El arte del cumplido:
Reconocer los esfuerzos de tu hijo, de tu alumno es un excelente medio de educación. Produce resultados insospechados. Nada más mírale la cara y comprobarás, de inmediato el cambio de actitud: Expresar este reconocimiento es un arte. A continuación, te comparto unos
* Personaliza: "Fulano, eres... "
* Habla en primera persona: "Me ha emocionado..."
* Mira directamente a los ojos de tu interlocutor.
* Sé positivo y alentador: "Qué fabuloso. qué bien hecho, me parece excelente."
* Sé específico: "Tu trabajo de matemáticas... Tu cuaderno... Tu lectura... Tu proceder..."
* Involúcrate personalmente: "Me emocionó, me conmovió, qué alegría me causó..."
* Finalmente, sé generoso para felicitar y expresar satisfacción. No esperes a grandes hazañas, sino felicita por el proceder diario, aunque sea obvio y aunque creas que es la obligación de tu alumno el proceder así siempre.
P
Para meditar:
Abatir la criminalidad
A todos nos preocupan los altos índices de criminalidad.
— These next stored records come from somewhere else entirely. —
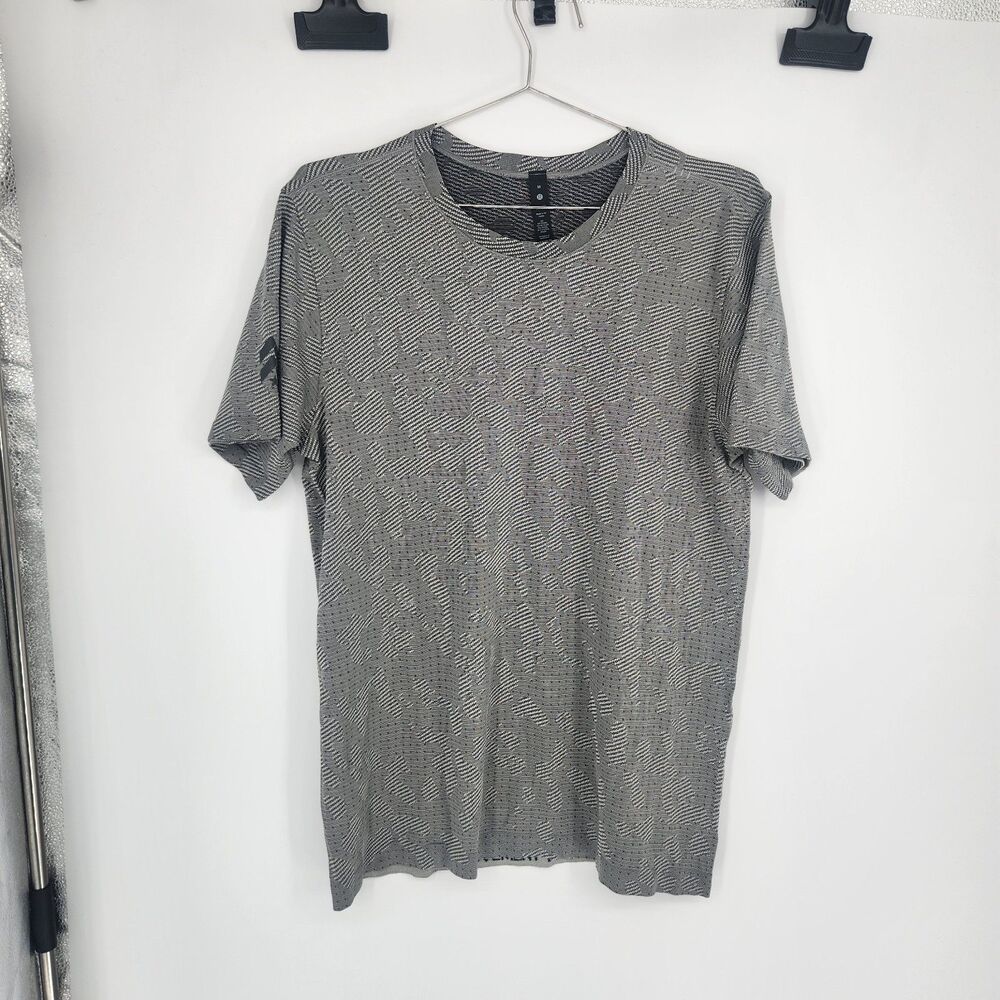 Lululemon Men's Gray Camo Movement‎ Is Medicine Athletic Short Sleeve Shirt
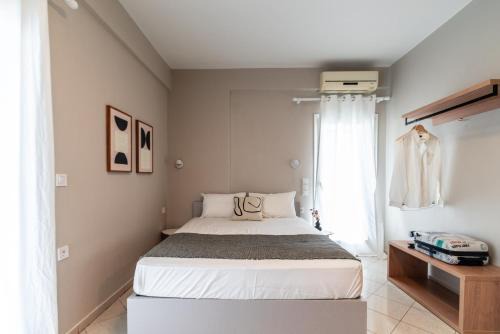 Blue Hug Apartments in Plataria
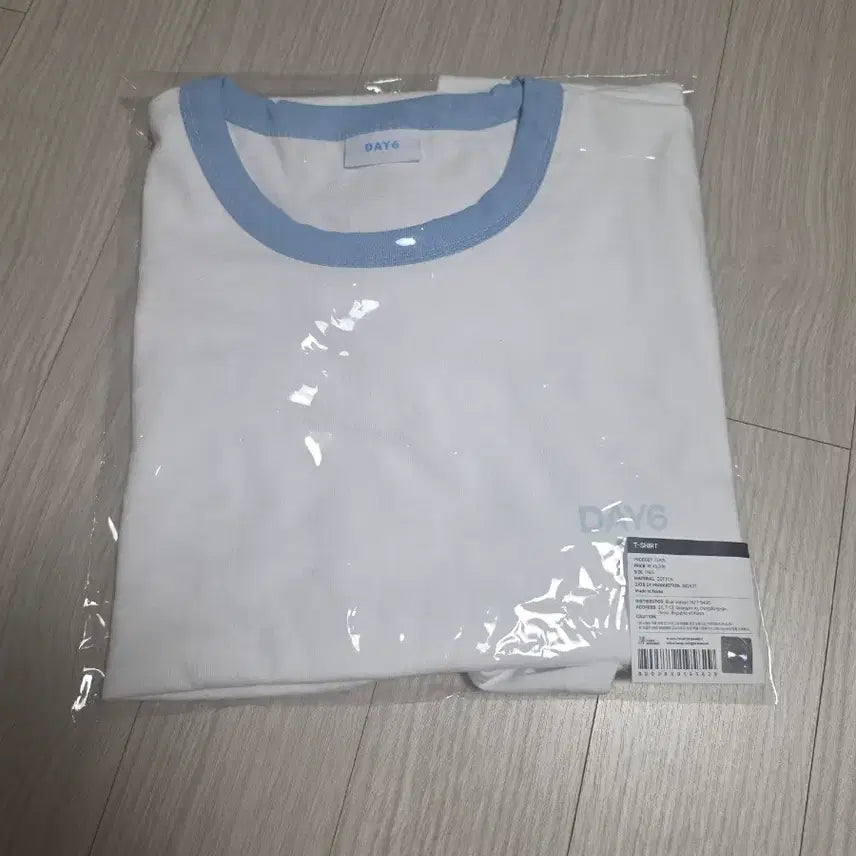 [BUNJANG] DAY6 PIER 10 Short Sleeve T-Shirt / 데이식스 피어텐 티셔츠 DAY6 PIER 10 반팔 티셔츠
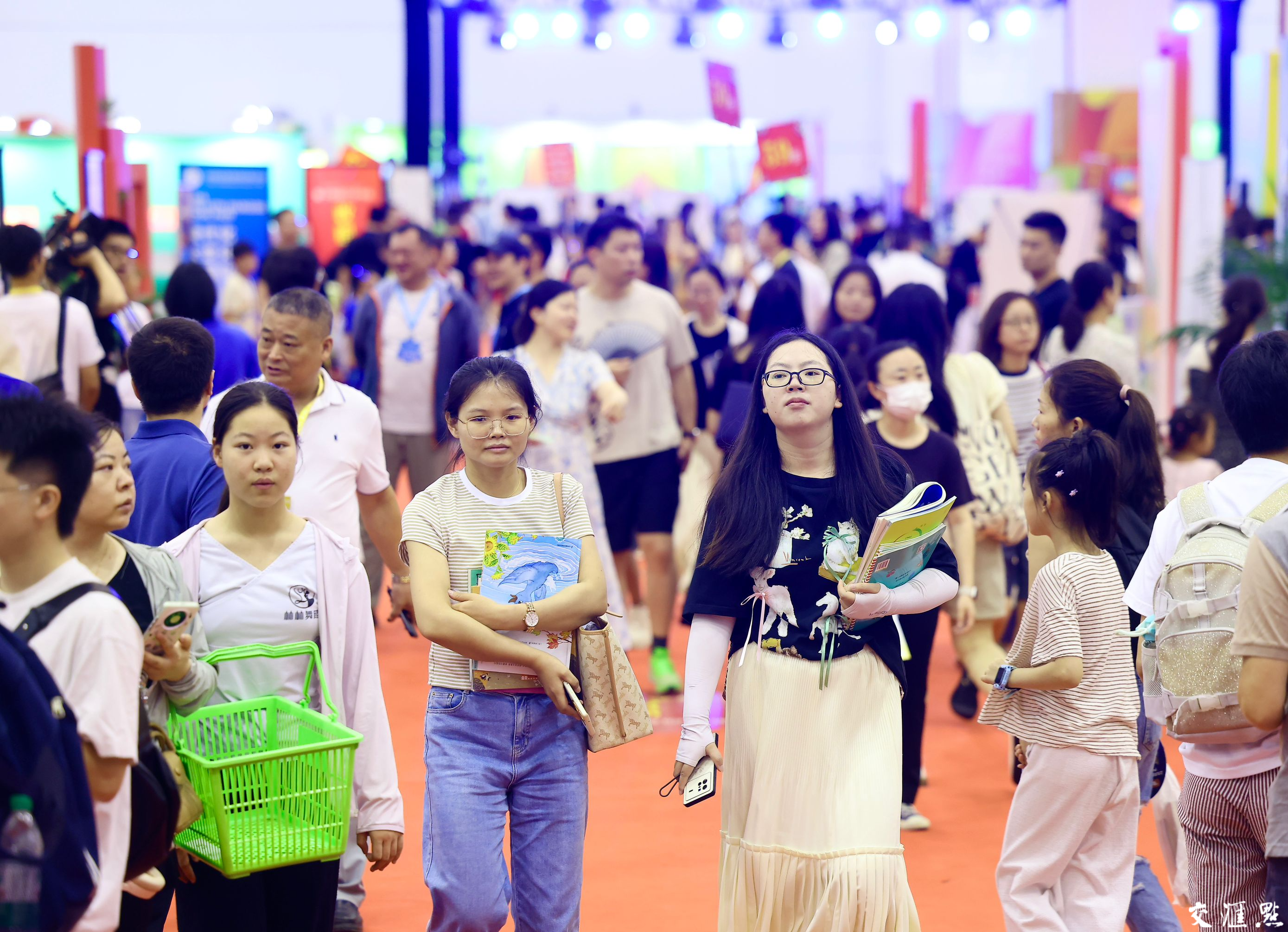 2024 年7月6日，适逢周六，江苏书展现场迎来逛展购书的客流高峰。走进书展现场，琳琅满目的书籍、精彩纷呈的阅读分享活动，吸引读者们徜徉书海、与作家面对面互动交流，沉浸式体验书香四溢的文化盛宴。新华日报·交汇点记者 余萍 赵亚玲 摄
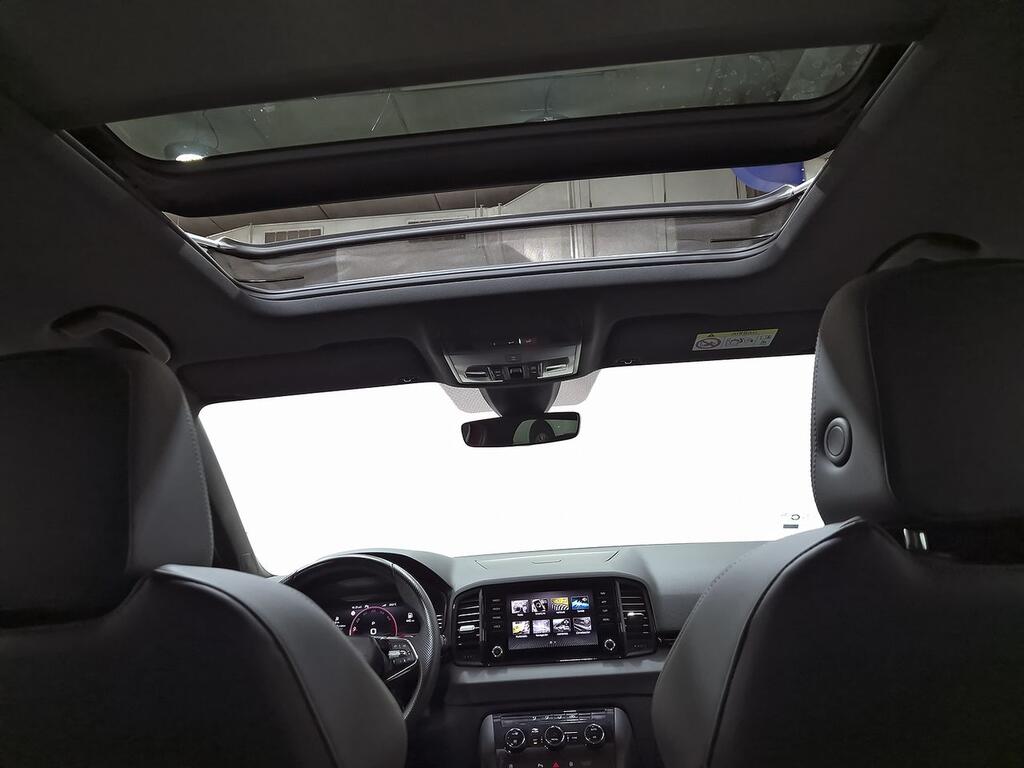 Skoda Karoq 1.5 TSI 110kW (150CV) DSG ACT Sportline  //  10.959 km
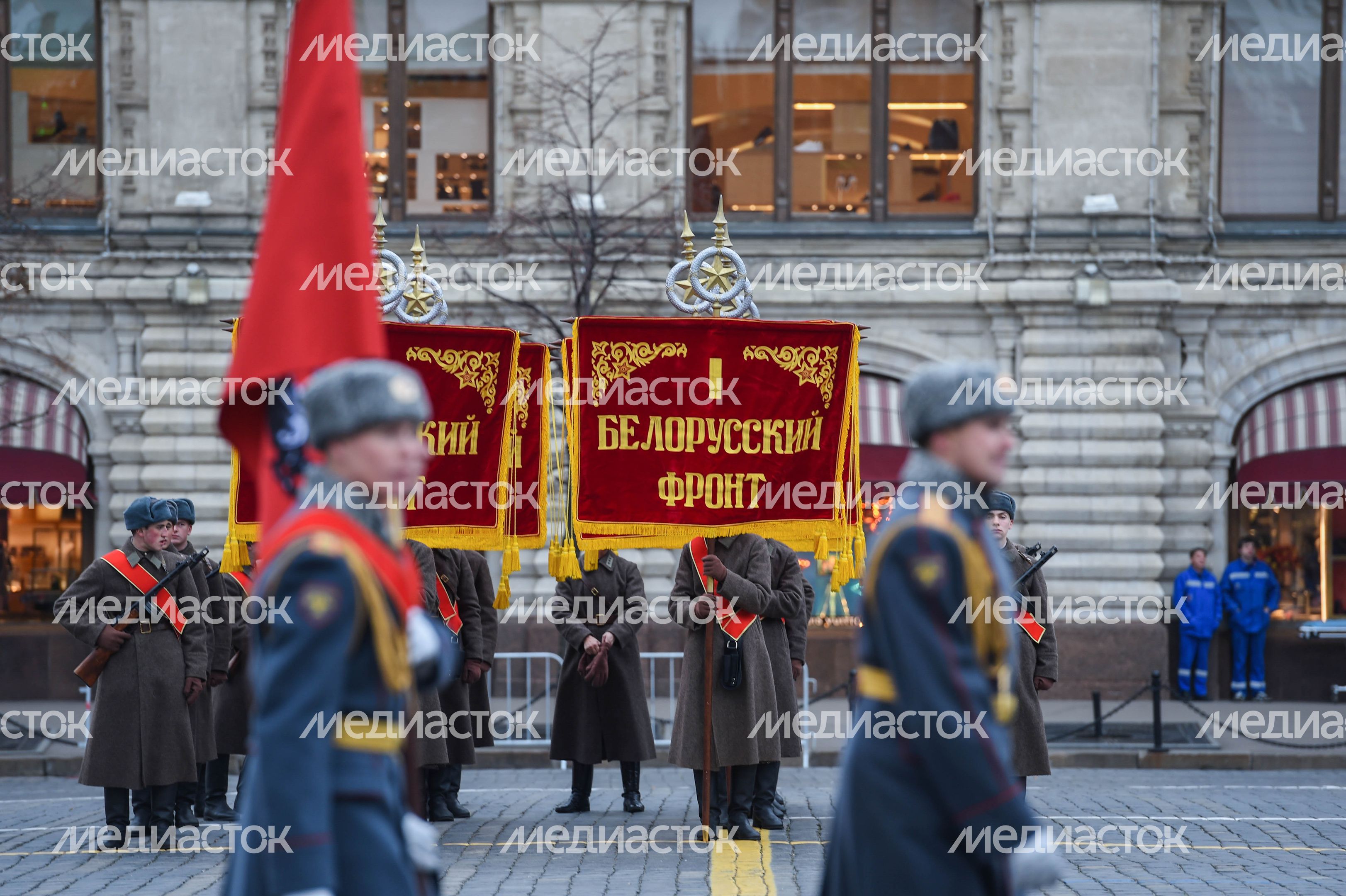 Торжественный марш в честь парада 1941 года на Красной площади в Москве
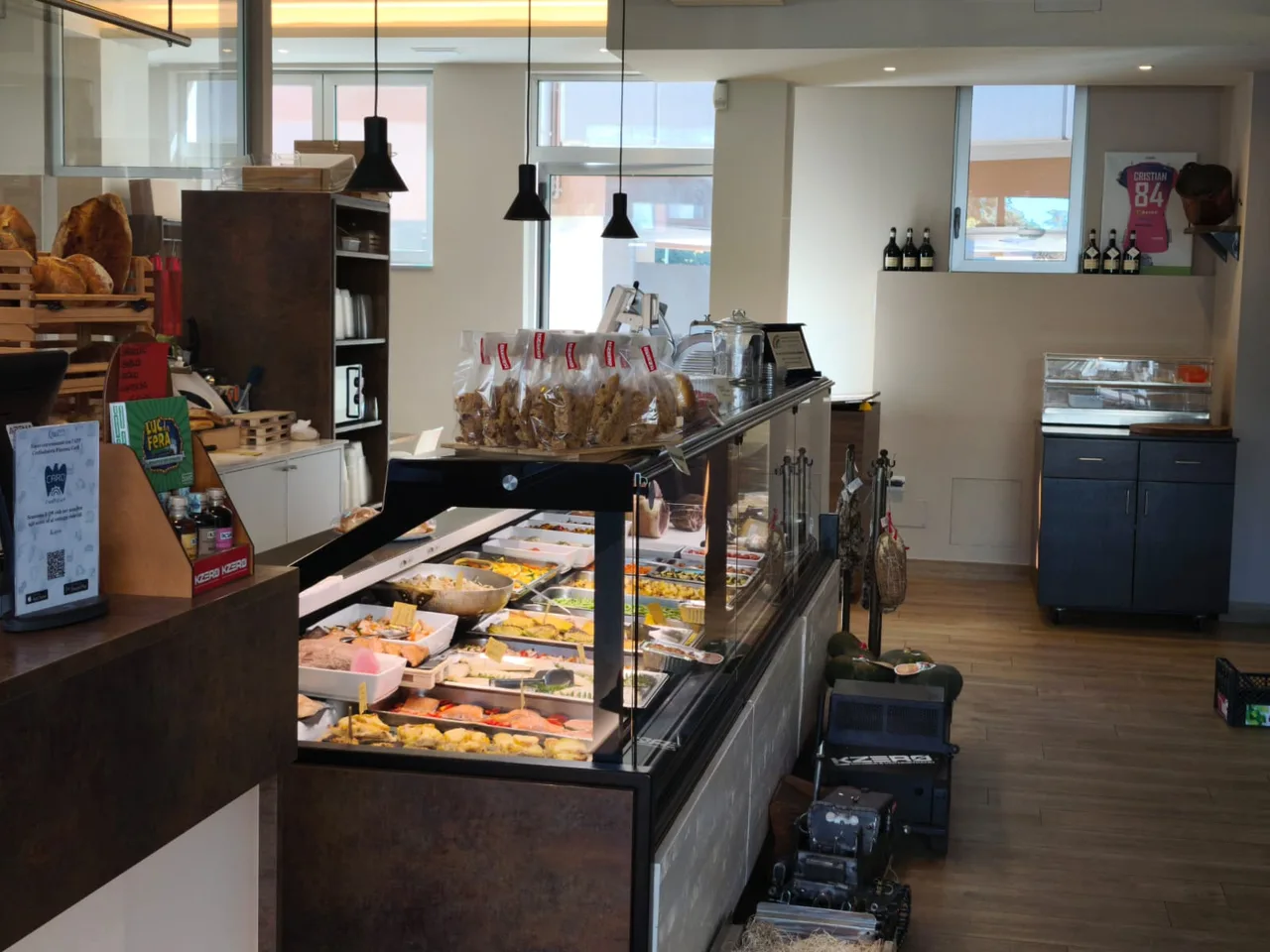 Il banco della gastronomia all’interno del locale
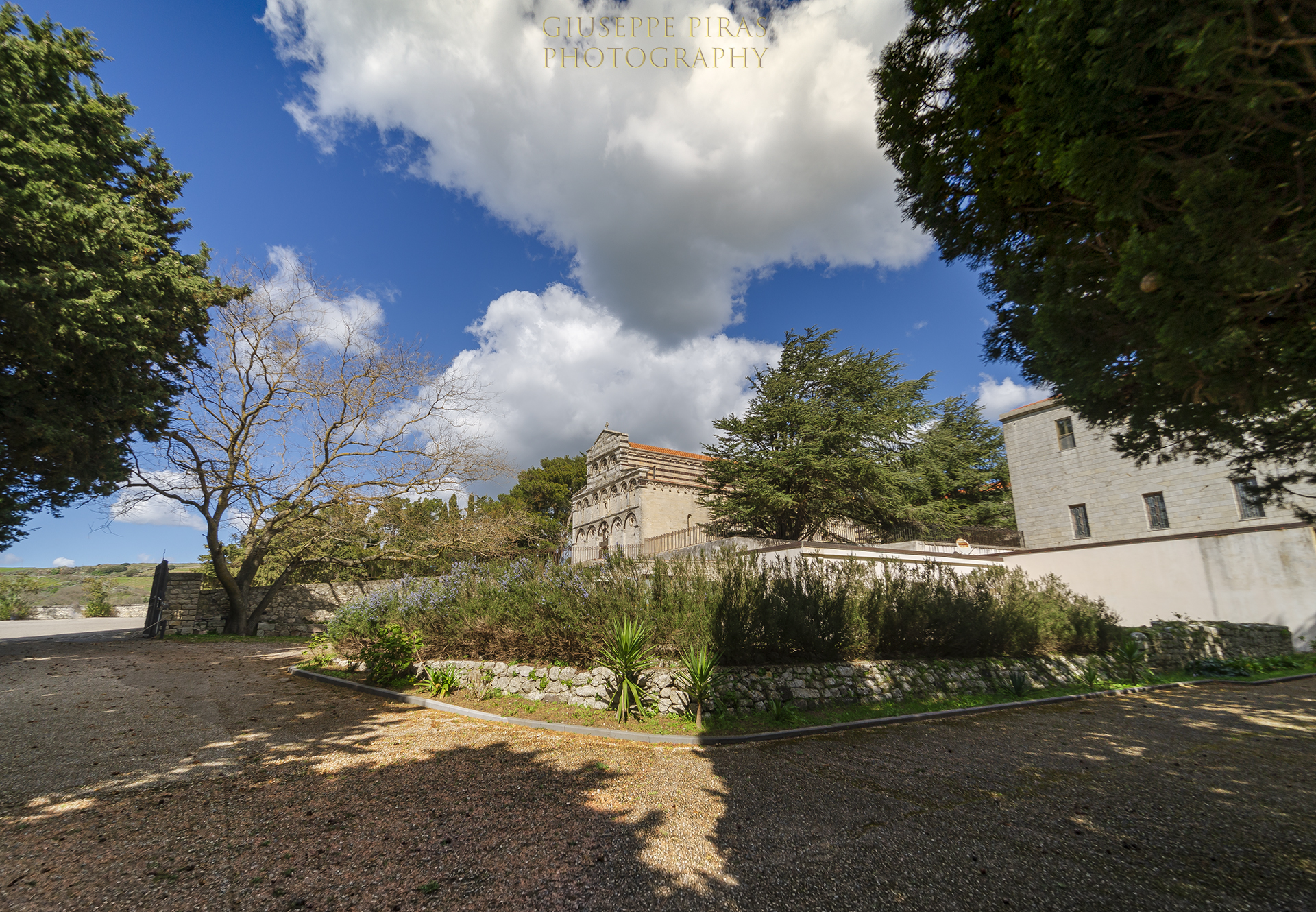 Il giardino del monastero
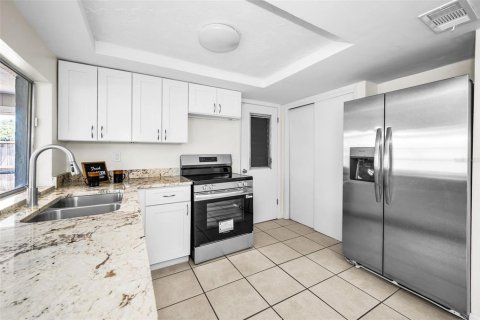 Casa en venta en Holiday, Florida, 2 dormitorios, 99.22 m2 № 1827882 - foto 5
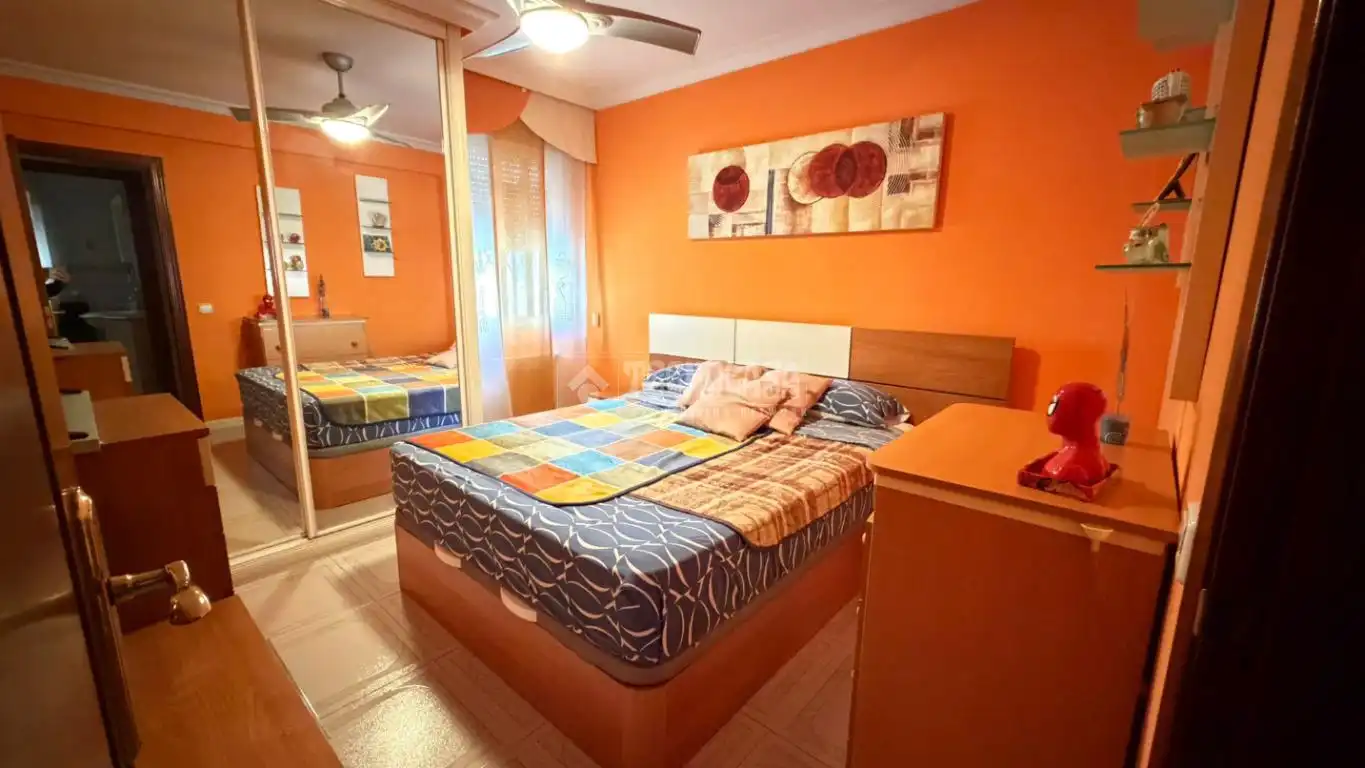 Habitación de Piso en venta en Parla con Calefacción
Esperamos que autoridades y gobierno hagan algo a gran escala, Sin embargo, investigadores recientes han llegado a la conclusión de que hemos alcanzado estos niveles por el permisivismo en que vivimos y que, para abatir la criminalidad, los delitos serios, el robo, el contrabando, la agresión, la violencia, debemos iniciar por combatir los delitos menores y las formas de desorden aparentemente pequeñas en la vida social pues tienen efectos acumulativos.
Maestro, no toleres gritos, empujones, burlas, grafitis, ni basura por todas partes,
Favorece la cultura de la limpieza y el respeto, Cuando el orden púbico decae, surgen muchos males sociales. Tú puedes mejorar el entorno, la calidad de vida y abatir la criminalidad no tolerando estos desórdenes, aunque aparentemente sean pequeños.
Preguntas:
1. ¿Cuál de las frases de La Salle te impresiona más? ¿Por qué?
2. Qué opinas de la frase del texto que dice: “Todo maestro debe ser especialista en educar con ternura.” ¿Crees que sea posible? ¿Crees que sea deseable?
¿Cuál o cuáles de los cumplidos empleas más? ¿Cuál o cuáles te parece buena idea emplearlos más?